Don't get me wrong I had researched this, I had read the testimonials I had spoken to the company a number of times and they were incredibly honest about what the week would entail so why did the words not translate in my head into the pain I would feel in my body?
On day one having driven to our lovely farm accommodation by the coast we were all quite shy, our polite conversations about why we were there were terminated as we went outside for a fitness test which included lots of running non-stop (not so good, I like the little walking bits in-between the running bits). I had decided not to push myself in the test as I did not want the trainers to assume incorrectly that I showed any promise whatsoever which could lead to them putting me in the advanced or even middle groupings. I know my place and exactly where I wanted to be, right at the back surviving!
When they asked us to get in two teams to push a 12 seater minibus up-a-hill, I laughed out loud. Such cards these boys! The silence that followed confirmed my worst fears they really meant it. Cue end of pushing event two women being sick in the hedges and I'm wondering what on earth I have done?
Day two and on the hour we undertook a new and punishing activity; either battle training pushing barrels full of water or logs up hills, carrying 10 kilo power packs on our backs and running in the field or boxercise. All of these carried out at a frenetic pace. The result is up to 9 hours of hard exercise a day! The first night as I lay awake contemplating getting in my car and going home till I remembered they had my car keys ( for my safety) I decided that I needed a strategy to survive the full 7 days. And so the Zen boot camp programme was put into place. My little strategy had a few key principles.
Don't complain; I paid to go on this and the more I complained the weaker I would feel. No negative language but lots of cussing was allowed.
Frame the week in a more positive way when people began to sob and say there are still 6 ******!!! days left I would think there are two less than we started with and in 6 days I'll be home.
Break each section down into manageable chunks, each hour was broken down in my head into 15 minute slots and that's all I thought about getting through at a time.

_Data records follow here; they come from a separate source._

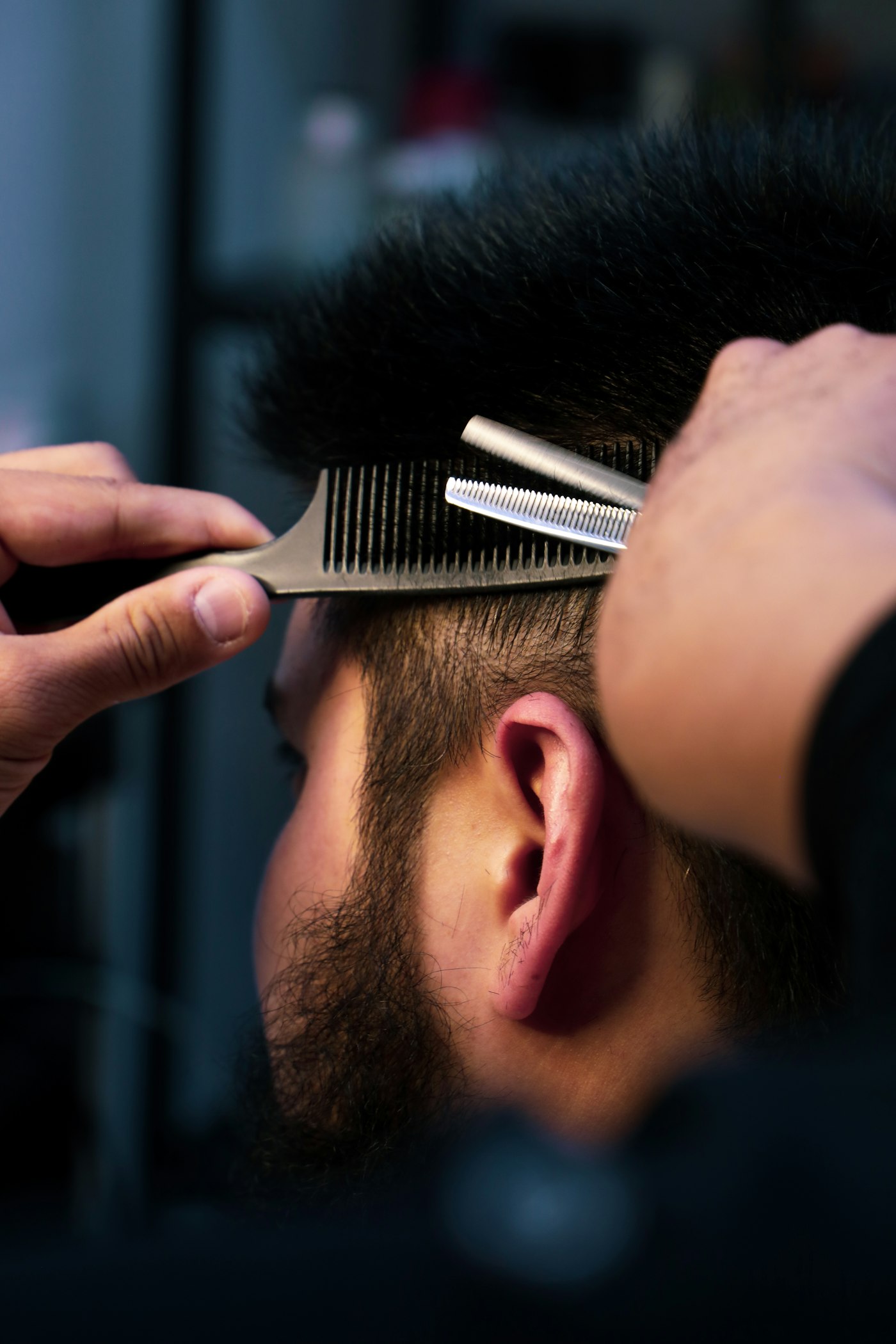 Detailed close-up of a comb and a freshly cut fade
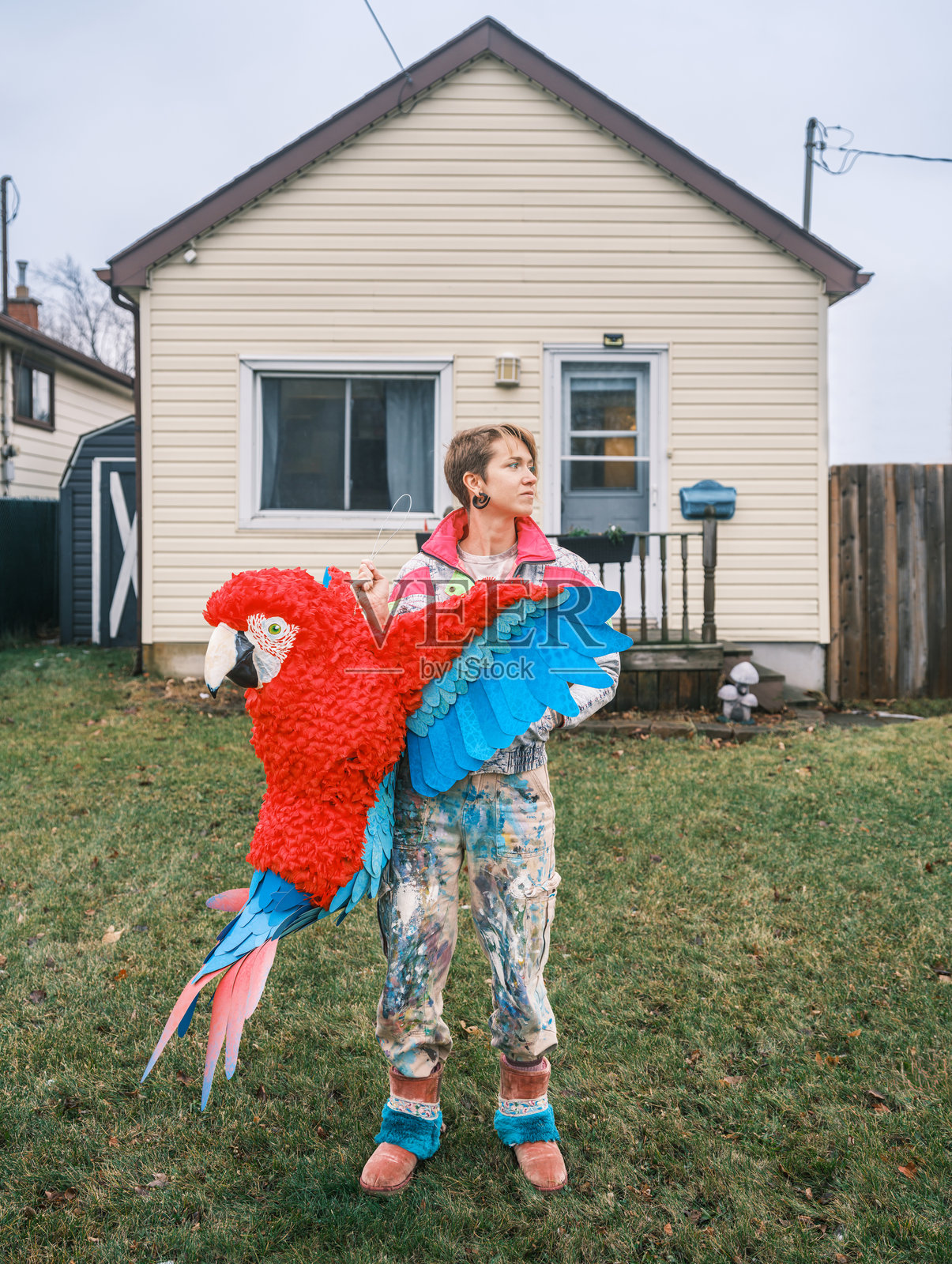 年轻的女艺术家在她家门前展示她制作的纸浆雕塑鸟照片摄影图片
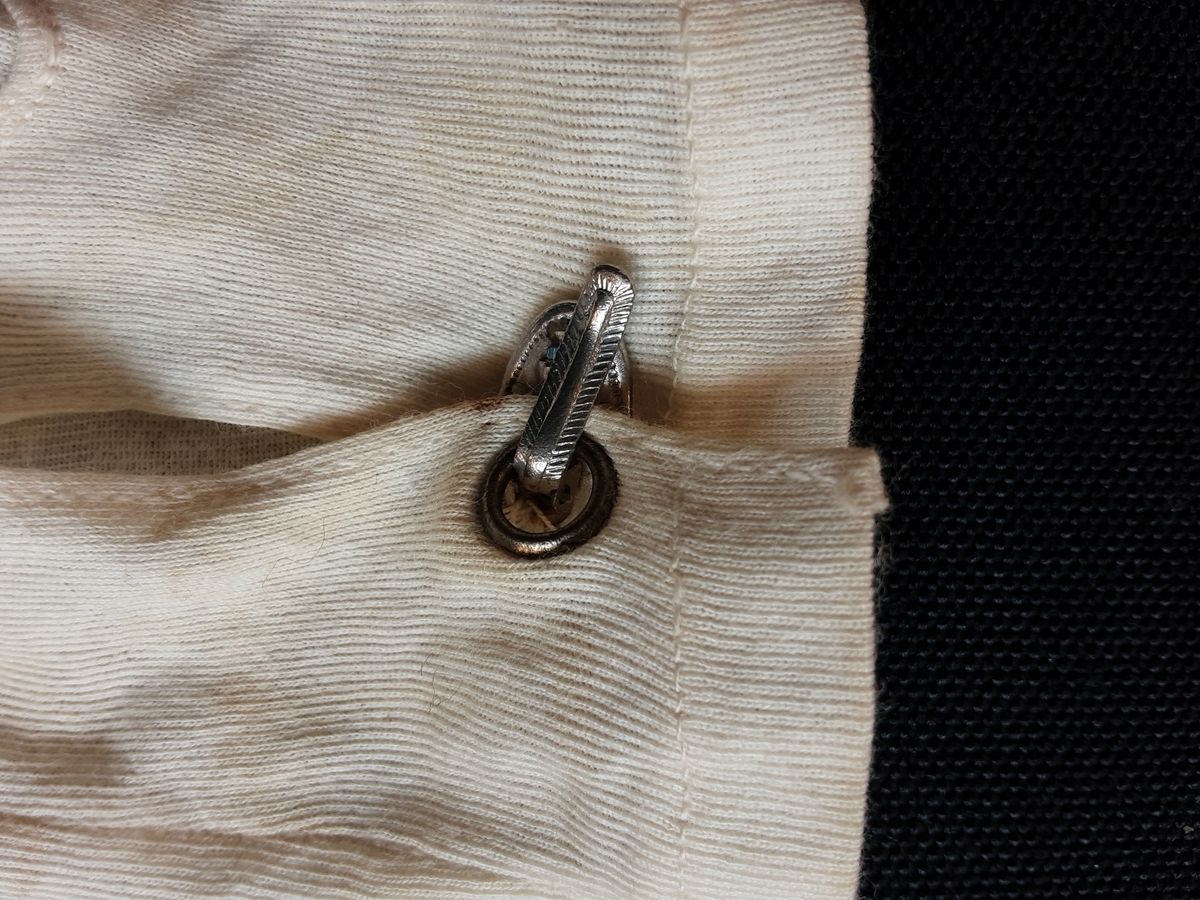 Hanske. Venstre. Hvit bomull, splitt på innsiden av håndleddet som lukkes med metallspenne. Tre maskinbroderte hvite striper på handbaken.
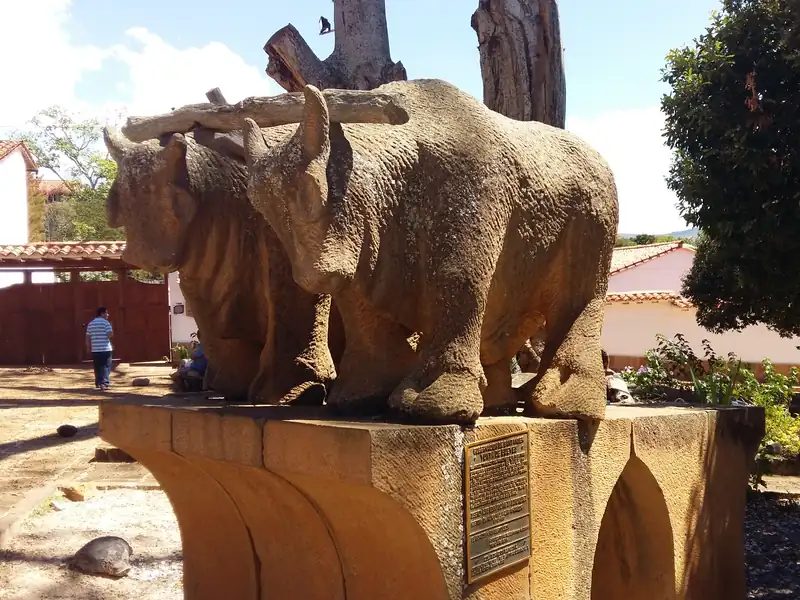 Escultura de una yunta de bueyes tallada en piedra sobre un pedestal de piedra con una placa de bronce, entre árboles y casas de techo de teja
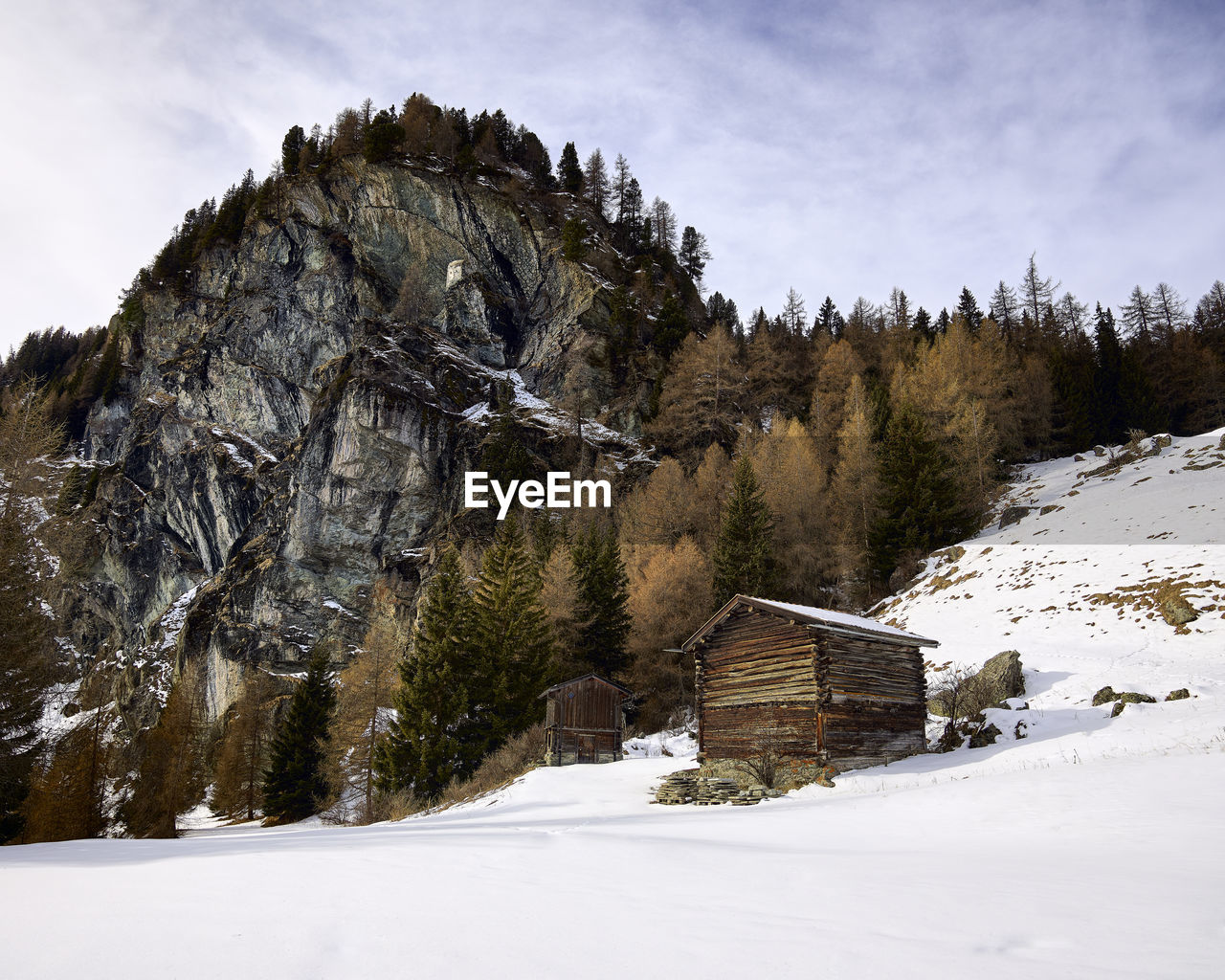 Wooden huts in wintery scene in swiss alps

Make the solution scalable, when faced with a 7 hour hike up huge hills I used the strategy again sharing it with the girls at the back who had formed into a community of likeminded survivalists supporting each other all the way. We refused to look up at the biggest hills just the 10 feet in front of us and instituted the 20 step programme which was as it says on the tin take 20 steps breathe like a maniac and take 20 more, repeat, repeat repeat.
These tactics allowed us to get though days when one person went home another got taken to hospital and 9 of the overall group experienced injuries.
So come the last day when the girls and I were struggling to finish the last few miles of the 7 hour hike from hell, where did the little bubble of pleasure come from?. The little bubble that grew and grew as each hour passed and each hill was vanquished. It grew till we saw the road signs to the farm and grasped the fact that we had done it. In our little underachieving group we had actually done it, not only survived but managed the week with a little grace good humour and a lot of potty mouth talk. I learnt a lot at boot camp,
The fastest and fittest don't always go the distance.
That working with a team that collaborates makes the hills less steep.
That we all excel at something unexpected ( I am great at high wire walking; where the hell did that come from?).
The pleasure of achievement is only real if the journey has been really tough and results fought for. Cow poo washes off, but the pride I have in what we did will never leave me.